-- GIVEN DATA --
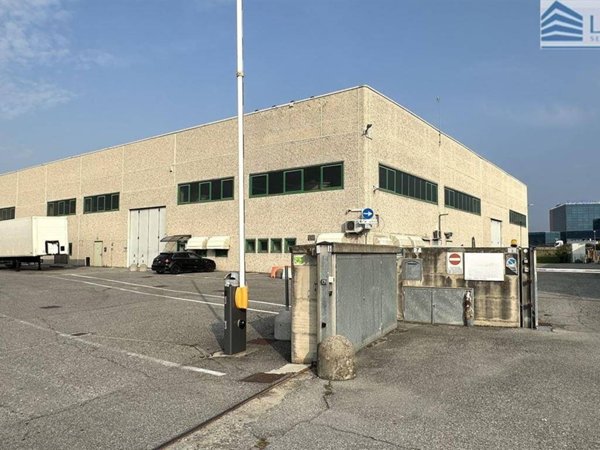 locale commerciale in affitto a Grassobbio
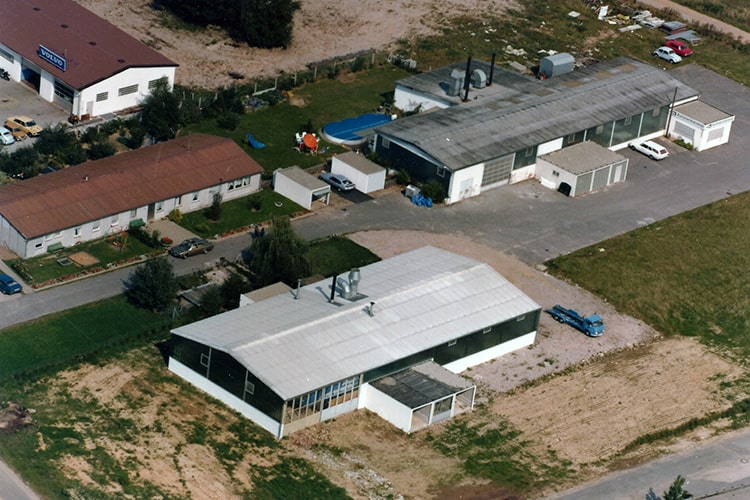 Firmengelände aus der Luft cicra 1980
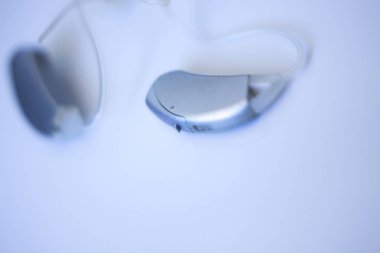 İşitme sağırlık için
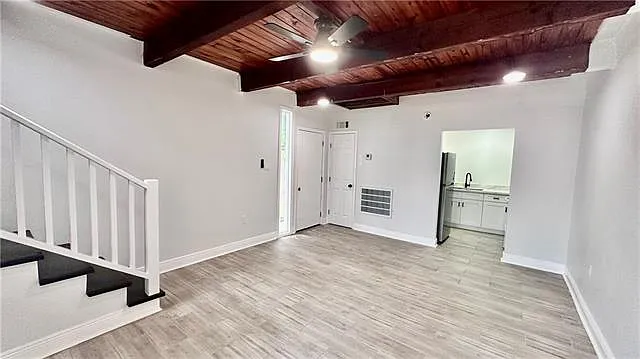 1 bed, 1.0 bath, 910 sqft, $1,050 — Photo 4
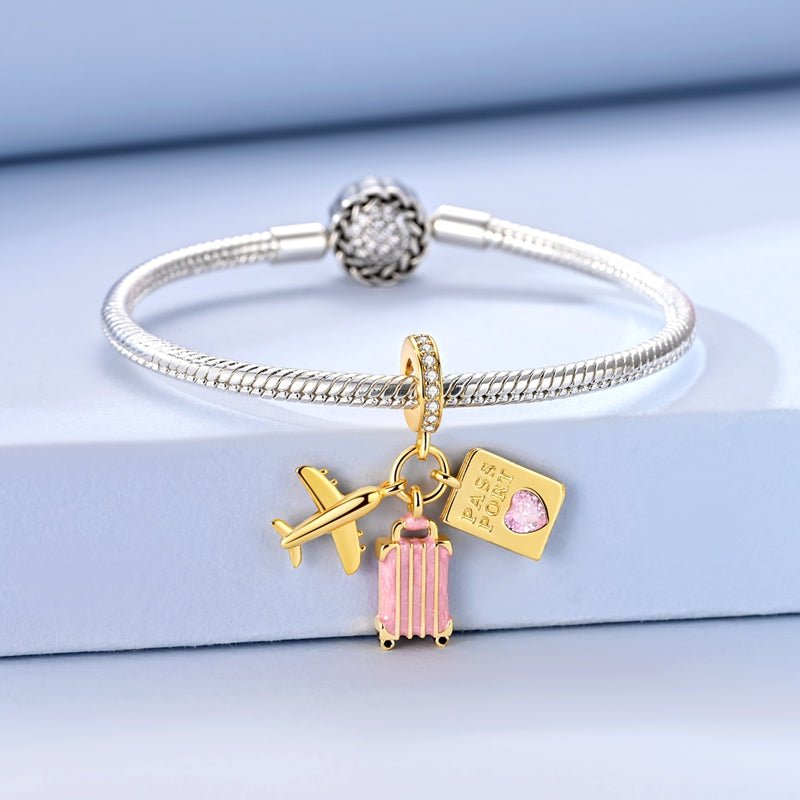 Charm Pendant Voyage Doré Avion, Valise Rose et Passeport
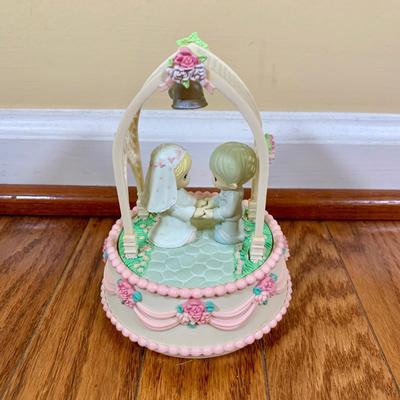 LOT 40 D: Precious Moments Collection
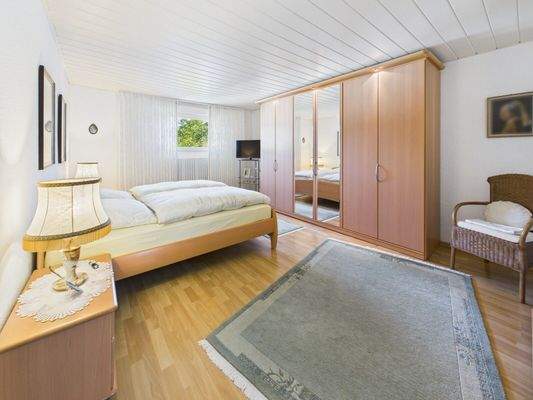 Schlafzimmer DG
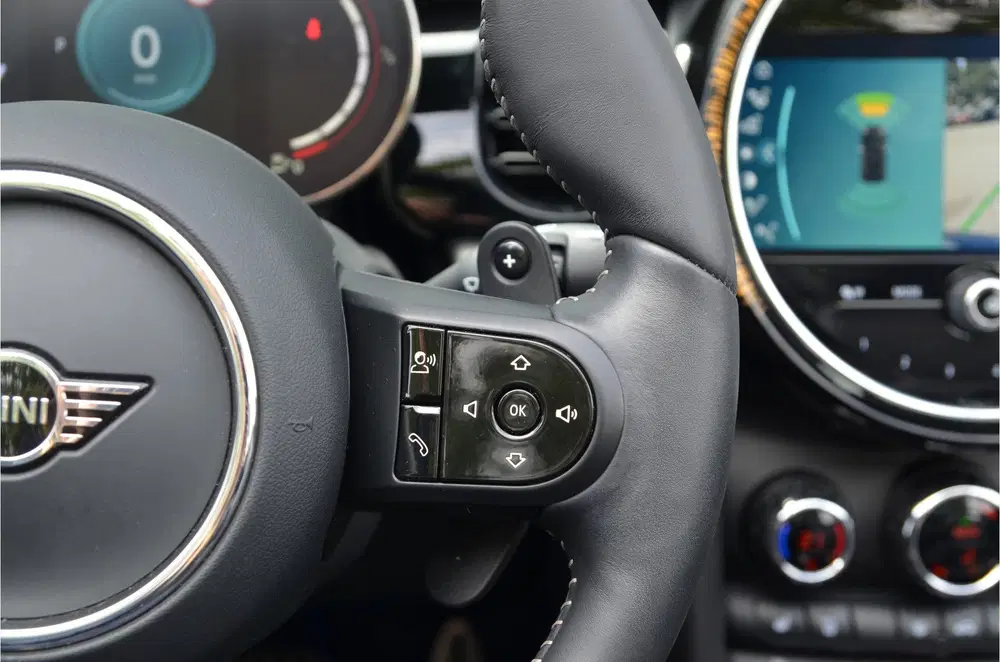 Mini Cabrio John Cooper Works Automaat uit 2023, foto 8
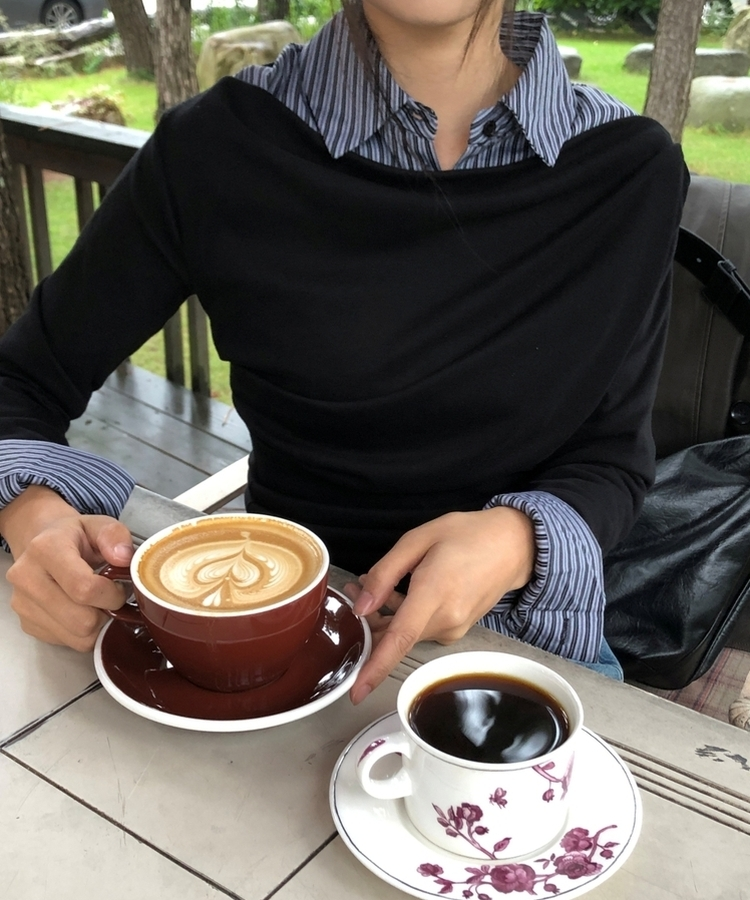 ストライプスリムクロップシャツ｜シャツ｜韓国ファッション通販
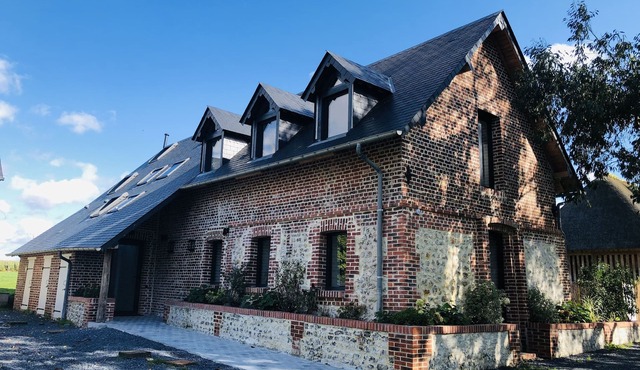 Warm and luminous cottage: La laiterie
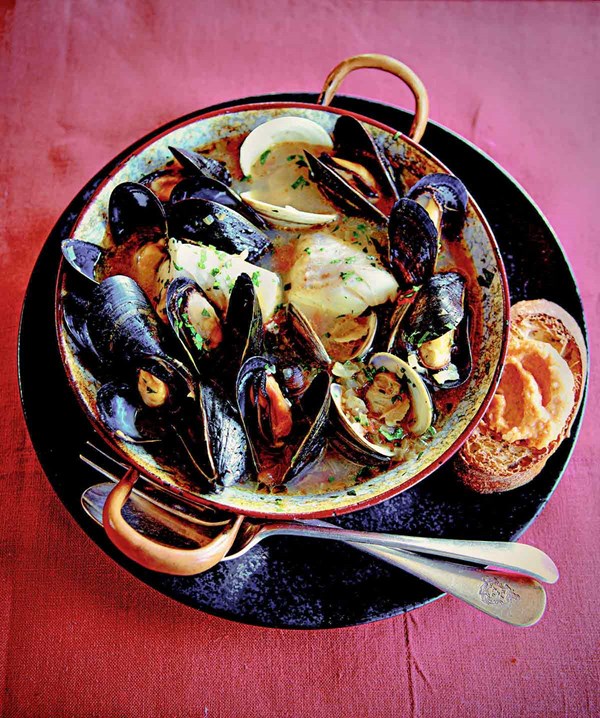 New England bouillabaisse for one
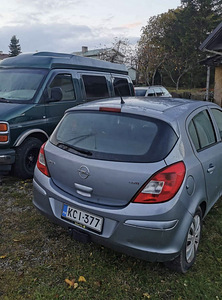 Opel Corsa 2009 1,3 D (2 foto / 3)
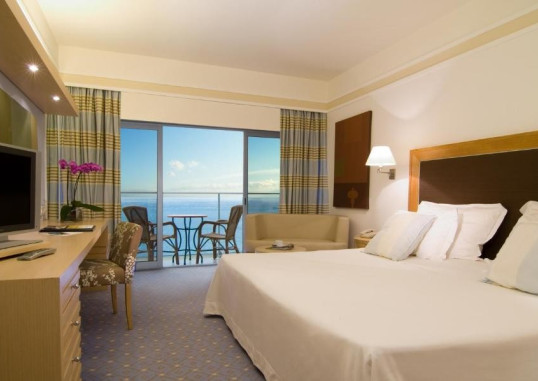 PESTANA CARLTON MADEIRA PREMIUM OCEAN RESORT 2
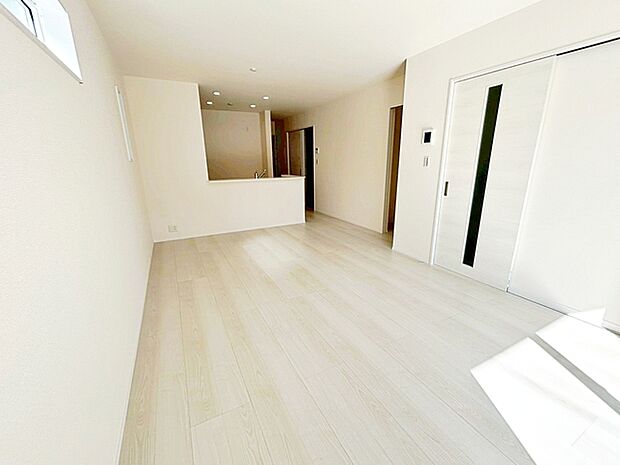 【リビング16.88帖】 のんびりくつろぐソファや、お食事を楽しむダイニングセットを置いても圧迫感はありません。 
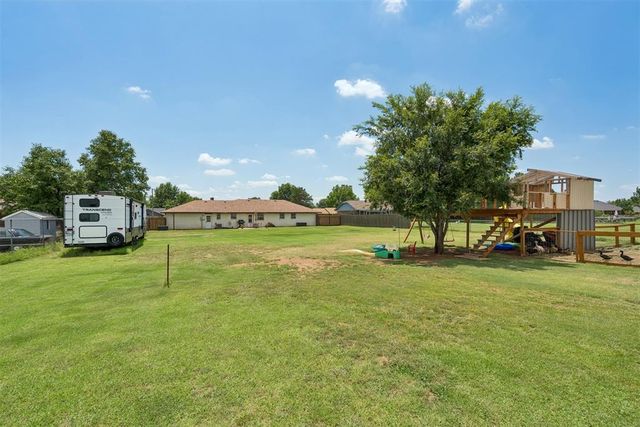 2111 Van Buren Avenue, Piedmont, OK 73078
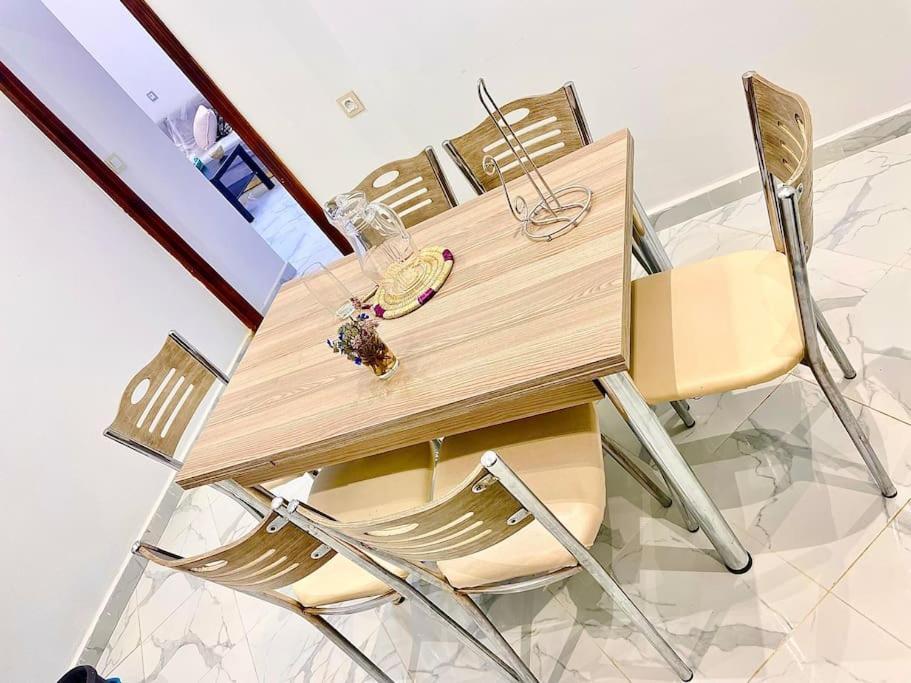 Apartment Berriko Tangier Bagian luar foto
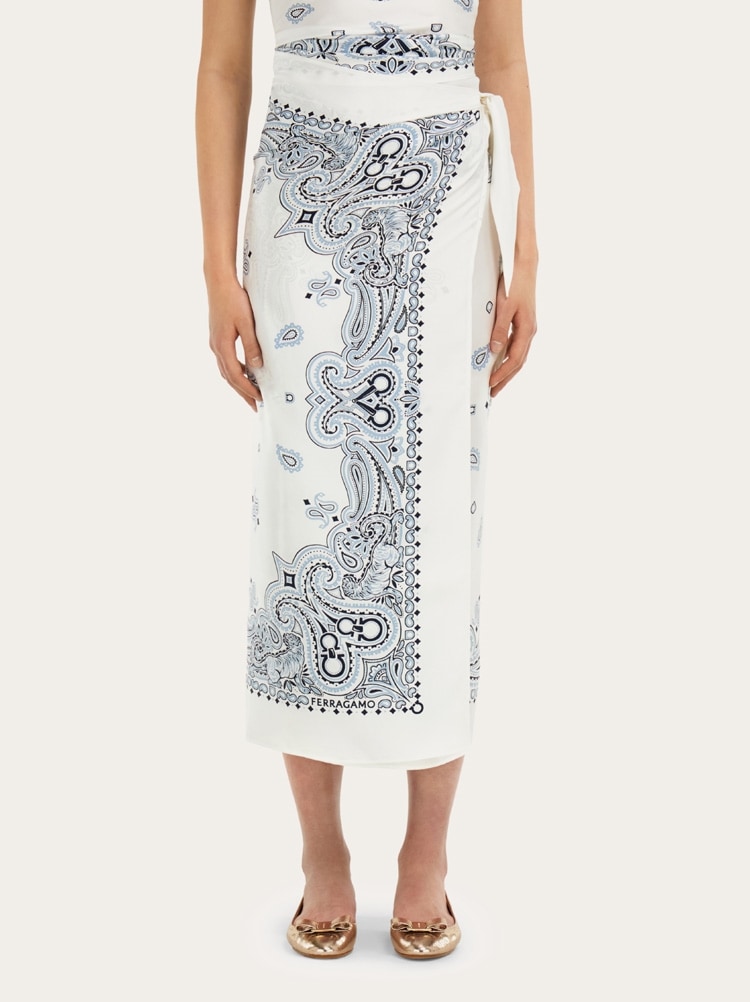Arabesque print silk stole Gallery image 3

-- TASK --
Please transcribe each entry exactly and exclude any image it contains.

-- SOLUTION BELOW --
 locale commerciale in affitto a Grassobbio
 Firmengelände aus der Luft cicra 1980
 İşitme sağırlık için
 1 bed, 1.0 bath, 910 sqft, $1,050 — Photo 4
 Charm Pendant Voyage Doré Avion, Valise Rose et Passeport
 LOT 40 D: Precious Moments Collection
 Schlafzimmer DG
 Mini Cabrio John Cooper Works Automaat uit 2023, foto 8
 ストライプスリムクロップシャツ｜シャツ｜韓国ファッション通販
 Warm and luminous cottage: La laiterie
 New England bouillabaisse for one
 Opel Corsa 2009 1,3 D (2 foto / 3)
 PESTANA CARLTON MADEIRA PREMIUM OCEAN RESORT 2
 【リビング16.88帖】 のんびりくつろぐソファや、お食事を楽しむダイニングセットを置いても圧迫感はありません。 
 2111 Van Buren Avenue, Piedmont, OK 73078
 Apartment Berriko Tangier Bagian luar foto
Arabesque print silk stole Gallery image 3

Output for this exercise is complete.